Write a Python code build 2DCNN model for the following specifications using Keras and compute the number of parameters ,model size and FLOPs

The model architecture consists of several layers designed for image classification tasks, such as recognizing digits from the MNIST dataset. The architecture begins with a 2D convolutional layer (Conv2D), which applies 32 filters of size 3x3 to the input image (28x28x1), followed by the ReLU activation function to introduce non-linearity. This is followed by a max-pooling layer (MaxPooling2D) with a pool size of 2x2, reducing the spatial dimensions of the feature maps while retaining important information.
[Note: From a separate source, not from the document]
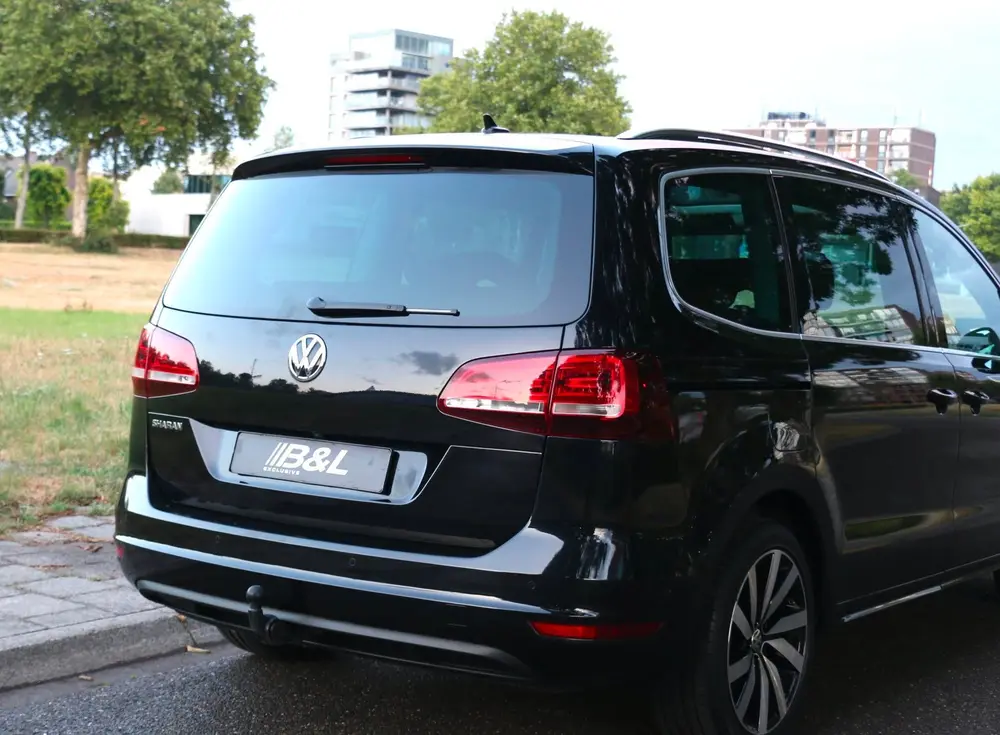 Volkswagen Sharan 1.4 TSI Highline 7-persoons Fully Loaded a uit 2021, foto 16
A second convolutional layer with 64 filters of size 3x3 is then applied, again using ReLU activation. Another max-pooling layer  (2x2 ) follows to further downsample the feature maps. The output of the convolutional layers is then flattened into a one-dimensional vector using the Flatten layer, which is fed into the fully connected dense layers. The first dense layer has 64 neurons with ReLU activation, allowing the model to learn complex representations, while the final dense layer has 10 neurons with a softmax activation function, providing probabilities for each of the 10 possible digit classes.


In [7]:
### Write  your code here

from tensorflow.keras.layers import Conv2D, MaxPooling2D, Flatten
from tensorflow.keras.utils import plot_model

model = Sequential([
    Conv2D(32, (3, 3), activation='relu', input_shape=(28, 28, 1)),
    MaxPooling2D((2, 2)),
    Conv2D(64, (3, 3), activation='relu'),
    MaxPooling2D((2, 2)),
    Flatten(),
    Dense(64, activation='relu'),
    Dense(10, activation='softmax')
])

model.summary()

Model: "sequential_2"
_________________________________________________________________
 Layer (type)                Output Shape              Param #   
 conv2d (Conv2D)             (None, 26, 26, 32)        320       
                                                                 
 max_pooling2d (MaxPooling2  (None, 13, 13, 32)        0         
 D)                                                              
                                                                 
 conv2d_1 (Conv2D)           (None, 11, 11, 64)        18496     
                                                                 
 max_pooling2d_1 (MaxPoolin  (None, 5, 5, 64)          0         
 g2D)                                                            
                                                                 
 flatten (Flatten)           (None, 1600)              0         
                                                                 
 dense_6 (Dense)             (None, 64)               

In [8]:
def get_model_size(model):
    param_size = 4
    params = model.count_params()
    size = params * param_size
    return size

In [9]:
model_size = get_model_size(model)
print(f"Model size: {model_size / (1024 ** 2):.2f} MB")

Model size: 0.47 MB


In [10]:
def compute(model):
    totparam = 0
    totflops = 0

    acti_flops_map = {
        "relu": 1,
        "sigmoid": 1,
        "tanh": 1,
        "softmax": 6,
    }

    for layer in model.layers:
        layertype = layer.__class__.__name__
        acti_flops = 0
        acti = getattr(layer, "activation", None)
        acti_name = acti.__name__ if acti else None

        if layertype in ["Dense"]:
            inputunits = layer.input_shape[-1]
            outputunits = layer.output_shape[-1]
            param = inputunits * outputunits + outputunits
            flops = 2 * outputunits * inputunits
            acti_flops = outputunits * acti_flops_map.get(acti_name, 0)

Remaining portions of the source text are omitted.